IL DOLORE DELL’EQUIVOCO: QUANDO NON VI TROVATE MAI NELLO STESSO POSTO

“Non riesco a esprimermi perché l’altro equivoca e si sente ferito.”
“Ho la calamita per i permalosi.”
“Le proiezioni dell’altro mi devastano.”

Questo è un punto delicatissimo.
Molti di voi hanno parlato del terrore di essere fraintesi, giudicati, analizzati, percepiti “male”.
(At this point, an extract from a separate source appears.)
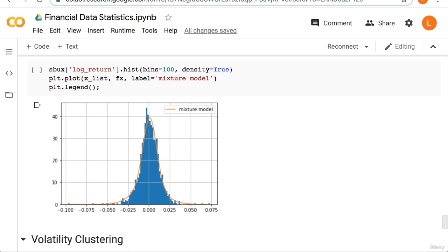Finally, we draw a histogram of our returns along with our fitted density. As you can see, the gaussian mixture fits much better than just a single gaussian. It captures the tall head, the skinny shoulders, and the fat tails.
Quando l’altro proietta su di te un film che non ti appartiene, ti senti come se qualcuno ti strappasse il microfono di mano.
E inizi a fare autocensura.
Poi autocontrollo.
Poi mini-versioni di te stessa/o.

È la morte lenta dell’autenticità.

IL BISOGNO DELL’ALTRO CHE TI RISUCCHIA

“La comunicazione…”
“Lo stato di bisogno dell’altro.”
“Mi dimentico di me per accudire.”
“La dipendenza dal sesso come regolatore dell’umore.”
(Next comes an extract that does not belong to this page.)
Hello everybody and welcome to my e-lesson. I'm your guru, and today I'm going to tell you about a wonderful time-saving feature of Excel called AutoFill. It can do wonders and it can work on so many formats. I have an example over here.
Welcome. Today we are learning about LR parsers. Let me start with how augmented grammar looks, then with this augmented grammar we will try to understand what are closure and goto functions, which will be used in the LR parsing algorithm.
Qui c’è il punto cieco più duro:
quando l’altro ha un bisogno, tu sparisci.

Succede senza accorgerti: torni nel ruolo del “salvatore”, del terapeuta, della madre/padre, del badante emotivo.
E quando ti svegli, ti ritrovi svuotata/o, senza spazio, senza pelle.

IL CONTROLLO COME STRATEGIA DI SOPRAVVIVENZA

“Vorrei che gli altri leggessero sulla mia fronte se voglio stare sola o voglio connessione.”
“Ho relazioni totalizzanti.”

Questo è un grido lucidissimo:
la paura della vicinanza e la paura della solitudine nello stesso corpo.

Quando il sistema nervoso non si fida né della fusione né della separazione, premi gas e freno insieme.
E vai in fumo.

Allora qual è il vero filo rosso?

Non è che scegliamo “le persone sbagliate”.
È che non sempre riconosciamo le dinamiche antiche che si riattivano attraverso la relazione con chi abbiamo davanti in quel momento.

Relazioni in cui ti senti non ascoltata/o…
relazioni in cui vieni invasa/o…
relazioni in cui devi accudire…
relazioni in cui l’altro proietta…
relazioni in cui perdi confini…

Non sono sfortune:
sono mappe.

Mappe preziose che ti portano esattamente nel punto in cui stai per fare un salto.